La vie continue parce les individus sont mortels.

On retrouve dans Le grand secret les éléments de cette constatation :

« Et la vie, délivrée du frein de la mort, se mettra à se multiplier, à bourgeonner, à éclater, à déborder dans toutes les espèces. Malgré les cataclysmes qui s'ensuivront, malgré les revanches brutales de la mort par les guerres, les famines, les massacres, la vie ne cessera, après chaque désastre, de recommencer, d'envahir et de tout ravager. La vie sans la mort rend la vie impossible. » (p. 200)

On aura compris que le concept même d'immortalité est disséqué, bousculé, passé au laminoir et soumis à un traitement bien différent de celui cuisiné par tous les autres romanciers de SF qui l'ont utilisé.
Comment ce concept est-il accroché à cette « personnalisation » de l'histoire dont j'ai fait état, c'est là justement le contenu du roman - et vous n'en saurez pas davantage ! Il n'empêche qu'à travers son récit, Barjavel, comme toujours, a essayé de cerner, au général et au particulier, la notion de bonheur et, par là, a bien été obligé de piocher du côté de l'écologie et de l'utopie. Ce qui donne, on s'en doute, ses meilleures pages :

« Des ruisseaux coulaient entre les pelouses, des sources jaillissaient aux pieds des arbres ou tombaient de leurs branches. Des lapins, des écureuils, des chats, des hamsters, des cobayes jouaient, se pourchassaient, grimpaient, sautaient, s'enfonçaient dans des terriers.

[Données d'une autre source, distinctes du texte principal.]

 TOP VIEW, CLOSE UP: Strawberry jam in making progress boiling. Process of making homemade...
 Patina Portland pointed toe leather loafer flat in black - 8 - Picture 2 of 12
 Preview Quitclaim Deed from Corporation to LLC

Un renard roux comme un incendie jaillit d'un fourré, tomba sur un lapin et l'emperta. Une adolescente gracieuse, aux longs bras minces, s'agenouilla devant un adolescent de son âge, porta ses douces mains et sa bouche au sexe du garçon pour le faire dresser, puis, sans le lâcher, s'allongea sur les fleurs, s'ouvrit, et le conduisit jusqu'au coeur de son corps. De plus jeunes enfants jouaient à mille jeux, se roulaient sur les pâquerettes, un chat mangeait un écureuil, des essaims d'oiseaux multicolores volaient d'arbre en arbre comme si ceux-ci échangeaient des fleurs, un héron piquait du bec une grenouille pas plus grosse qu'une marguerite... » (p. 157)

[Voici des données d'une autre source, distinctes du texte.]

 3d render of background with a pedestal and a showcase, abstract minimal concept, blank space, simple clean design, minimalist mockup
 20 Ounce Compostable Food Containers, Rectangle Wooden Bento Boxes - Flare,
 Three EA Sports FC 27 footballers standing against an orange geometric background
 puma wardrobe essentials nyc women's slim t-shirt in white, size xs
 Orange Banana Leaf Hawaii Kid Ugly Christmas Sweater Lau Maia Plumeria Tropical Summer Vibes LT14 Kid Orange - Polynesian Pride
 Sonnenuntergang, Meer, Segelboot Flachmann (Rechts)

Il est bon d'en rester sur cette image d'un paradis - en n'oubliant pas le système de la dialectique tous azimuts : bientôt, ce sera l'enfer...
Mais lorsqu'on referme un livre, et quelle que soit la critique passionnelle ou raisonnée qu'on en fait et l'opinion qu'on en a, la question la plus intéressante est finalement celle-ci : pourquoi a-t-il écrit ça ? II me semble qu'y répondre au sujet du grand secret est assez facile. Passons sur l'aspect non matérialiste de l'histoire : Barjavel n'est pas marxiste. Passons sur le côté personnalités suivies par le petit bout de la lorgnette : Barjavel est journaliste, et sans doute nous chuchote-t-il là son désir secret d'être admis dans l'intimité des grands. Plus intéressant et significatif est le fait d'avoir voulu parler de l'immortalité. Ce sujet a toujours fasciné les écrivains, parce qu'il est un moyen de se décharger de la peur de la mort. Seulement, l'immortalité, ça n'existe pas. Alors pourquoi ne pas plutôt se convaincre que la mort est une chose nécessaire ? Parlant de son livre lors d'une émission télévisée, Barjavel a eu cette phrase même : La mort est nécessaire. Bien sûr ! Mais dans la bouche d'un homme au seuil de la vieillesse, cette déclaration a quelque chose d'émouvant, car elle démasque une sérénité qui est le résultat d'un « truc » à l'échelon supérieur : avoir pu démontrer dans un roman que l'immortalité était une catastrophe planétaire, que la mort ne doit pas être crainte car elle est la seule issue possible, le seul avenir raisonnable et paisible pour un être vivant en quête de continuité...

Jean-Pierre ANDREVON

LE GRAND SECRET par René Barjavel : Presses de la Cité.